Alternatively, you can set the following environment variables:

SAGEMAKER_ROLE="AmazonSageMakerExecutionRole"
SAGEMAKER_CPU_IMAGE="123.dkr.ecr.us-east-1.amazonaws.com/raster-vision"
SAGEMAKER_CPU_INSTANCE_TYPE="ml.p3.2xlarge"
SAGEMAKER_GPU_IMAGE="123.dkr.ecr.us-east-1.amazonaws.com/raster-vision"
SAGEMAKER_GPU_INSTANCE_TYPE="ml.p3.2xlarge"
SAGEMAKER_TRAIN_IMAGE="123.dkr.ecr.us-east-1.amazonaws.com/raster-vision"
SAGEMAKER_TRAIN_INSTANCE_TYPE="ml.p3.8xlarge"
SAGEMAKER_TRAIN_INSTANCE_COUNT="2"
SAGEMAKER_USE_SPOT_INSTANCES="no"
SPOT_INSTANCE_MAX_WAIT_TIME="86400"
MAX_RUN_TIME="86400"

SAGEMAKER_ROLE - AWS IAM role with appropriate SageMaker permissions.
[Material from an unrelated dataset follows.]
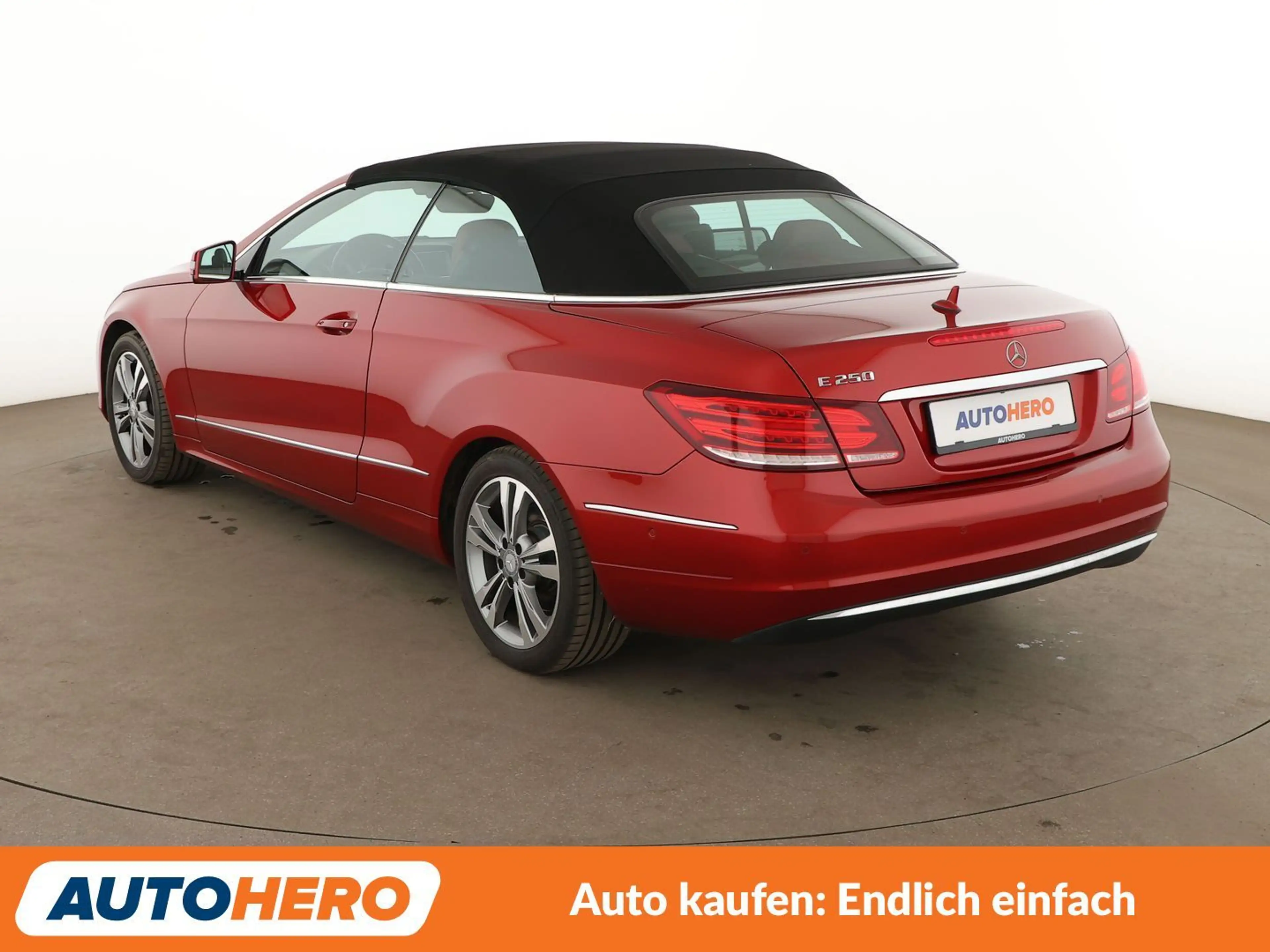 Mercedes-Benz E 250 E 250 CGI Aut.*NAVI*LED*ACC*PDC*SHZ* — photo 4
SAGEMAKER_CPU_IMAGE - Docker image URI for CPU jobs.
SAGEMAKER_CPU_INSTANCE_TYPE - Instance type for CPU jobs.
SAGEMAKER_GPU_IMAGE - Docker image URI for GPU jobs.
SAGEMAKER_GPU_INSTANCE_TYPE - Instance type for GPU jobs.
SAGEMAKER_TRAIN_IMAGE - Docker image URI for training jobs. Defaults to SAGEMAKER_GPU_IMAGE.
SAGEMAKER_TRAIN_INSTANCE_TYPE - Instance type for training jobs. Defaults to SAGEMAKER_GPU_INSTANCE_TYPE.
SAGEMAKER_TRAIN_INSTANCE_COUNT - Number of parallel nodes to run for training jobs. Defaults to 1.
SAGEMAKER_USE_SPOT_INSTANCES - Whether to use spot instances. Only applies to training jobs.
SPOT_INSTANCE_MAX_WAIT_TIME - Maximum time, in seconds, to wait for a spot instance to be allocated. Must be greater than or equal to MAX_RUN_TIME. Default: MAX_RUN_TIME.
MAX_RUN_TIME - Maximum job run time in seconds. Default: 86400 (24 hours).